REQUIRED WORK: Copy, exactly and without additions, every line in the records below from the one holding "DEARMAMY Tubo Freno" through the one holding "C13-C14 2.0m 10A", both ends included.

TASK INPUTS:

= = = = = = =

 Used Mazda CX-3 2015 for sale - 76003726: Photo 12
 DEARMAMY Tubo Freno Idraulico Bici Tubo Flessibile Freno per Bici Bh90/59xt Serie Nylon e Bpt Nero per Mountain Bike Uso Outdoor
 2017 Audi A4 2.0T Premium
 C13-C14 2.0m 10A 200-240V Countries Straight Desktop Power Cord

= = = = = = =

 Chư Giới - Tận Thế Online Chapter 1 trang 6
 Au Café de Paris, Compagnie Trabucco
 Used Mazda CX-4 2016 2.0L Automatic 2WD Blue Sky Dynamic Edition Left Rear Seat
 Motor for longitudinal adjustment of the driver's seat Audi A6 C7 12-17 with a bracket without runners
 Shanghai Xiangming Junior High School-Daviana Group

= = = = = = =

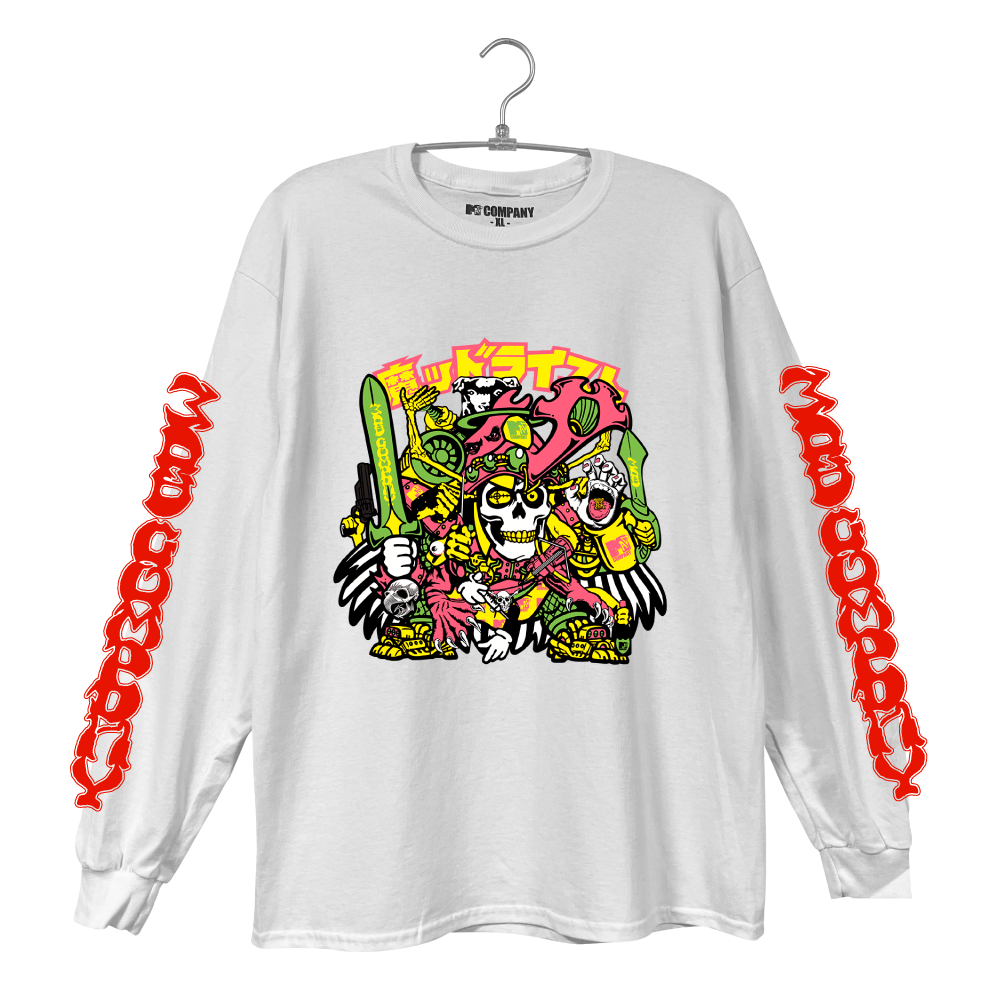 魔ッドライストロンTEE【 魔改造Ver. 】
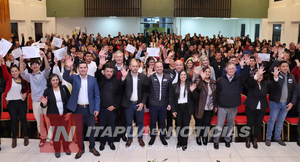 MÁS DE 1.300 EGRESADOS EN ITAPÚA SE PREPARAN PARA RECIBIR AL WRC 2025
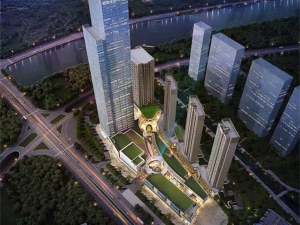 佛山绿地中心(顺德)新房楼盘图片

= = = = = = =

EXERCISE ANSWER:
 DEARMAMY Tubo Freno Idraulico Bici Tubo Flessibile Freno per Bici Bh90/59xt Serie Nylon e Bpt Nero per Mountain Bike Uso Outdoor
 2017 Audi A4 2.0T Premium
 C13-C14 2.0m 10A 200-240V Countries Straight Desktop Power Cord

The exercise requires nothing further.